Exercise data: Begin

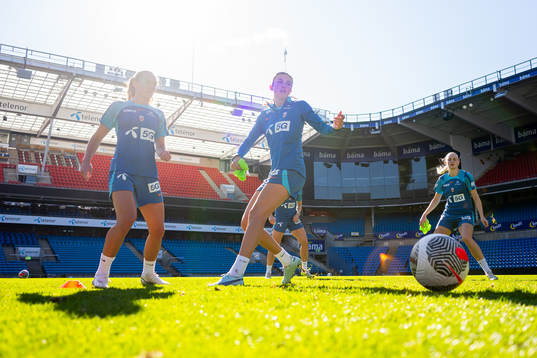 Marit Bratberg Lund and Ingrid Syrstad Engen of the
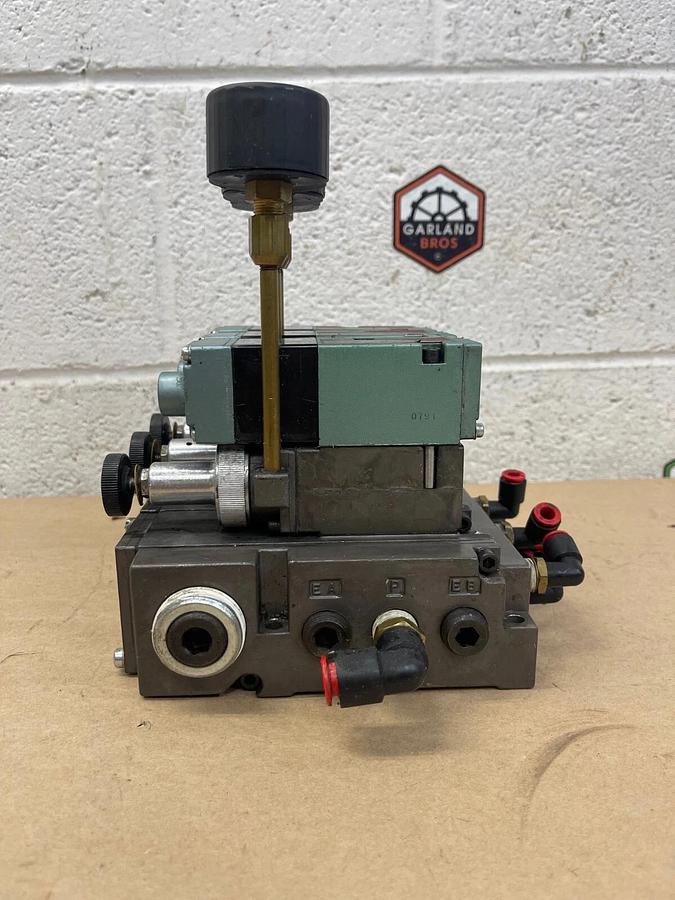 Used Numatics 082RS115J016W FlexiBlok Solenoid Valve Assembly 081SA400K, 120V 50/60Hz
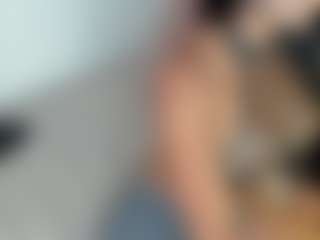 Live cam show with julycorreax - Sexcam on pussylord.com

Exercise data: End

Could you give the listing above again word for word, without any pictures?

Solved problem:
 Marit Bratberg Lund and Ingrid Syrstad Engen of the
 Used Numatics 082RS115J016W FlexiBlok Solenoid Valve Assembly 081SA400K, 120V 50/60Hz
 Live cam show with julycorreax - Sexcam on pussylord.com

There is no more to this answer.